[Paper review] EgoVLA
업데이트:
How can we teach robots complex manipulation skills? Until now, the dominant approach has been to directly operate robots and collect data. However, this method is expensive, and more importantly, it has a fundamental limitation: you need to have a robot to collect data in the first place.
But if you think about it, there are already 8 billion “robots” in the world performing all kinds of manipulation tasks every day, in diverse environments. They are humans. EgoVLA starts from this idea.
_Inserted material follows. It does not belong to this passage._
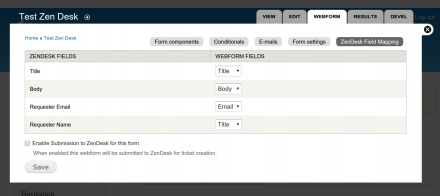 Webform ZenDesk Integration 2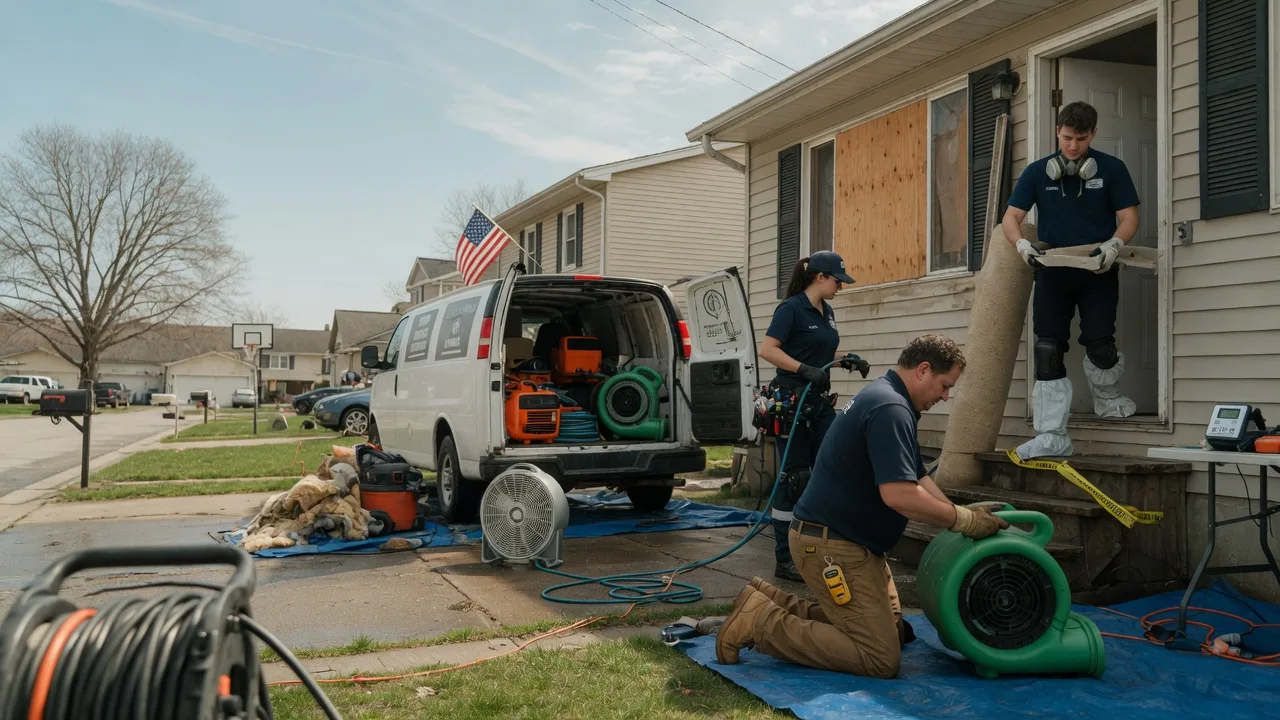 Water Damage Restoration in Columbia, TN near me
If we can learn robot policies from human egocentric videos, wouldn’t we be able to secure not only large-scale data, but also diversity in tasks and environments?
Core Idea
Why Human Videos?
The problems with robot data collection are clear:
- Requires robots and expert operators
- Time-consuming and costly
- Impossible to collect data in environments robots cannot access
- Complex tasks are hard to capture even with teleoperation
In contrast, human egocentric videos:
- Already exist at large scale
- Cover diverse environments and tasks
- Capture fine-grained hand movements
Key Insight
The authors’ key observation is the following: the gap between human and robot action spaces is smaller than expected and can be approximated with a few geometric transformations.
Based on this, EgoVLA:
- Trains a Human VLA using human egocentric videos
- Learns to predict wrist positions and hand joint angles
- Transforms them into the robot action space (inverse kinematics + retargeting)
- Fine-tunes with a small amount of robot demonstration data
This enables learning manipulation policies without massive robot datasets.
Methodology
Overall Pipeline
The training pipeline of EgoVLA consists of three main stages:
[Stage 1] Pretraining on human video data
↓
[Stage 2] Unified action space definition
↓
[Stage 3] Fine-tuning with a small amount of robot data
Model Architecture

EgoVLA is built on top of a vision-language model, specifically using NVILA-2B as the backbone.
Inputs:
- Visual observations: current frame + past 5 frames (1 second history, 384×384 resolution)
- Language instructions: natural language description of the task
- Proprioceptive states: wrist position/rotation, hand joint angles
- Action query tokens: special tokens for future action prediction
Outputs:
- Wrist pose (3D position + rotation in the camera frame)
- Hand joint parameters (top 15 PCA components of the MANO model)
- 30-step future prediction up to 1 second (30 Hz)
Action Head:
- 6-layer transformer (300M parameters)
- Hidden size: 1536
- Simultaneous trajectory prediction for both hands
Loss Function:
L = λ_wrist_trans * L_wrist_trans + λ_wrist_rot * L_wrist_rot + λ_joint * L_joint
- Wrist translation: L2 loss
- Wrist rotation: Rot6D rotation loss
- Hand joints: L2 loss
Unified Action Space
This is the core design that bridges the gap between humans and robots.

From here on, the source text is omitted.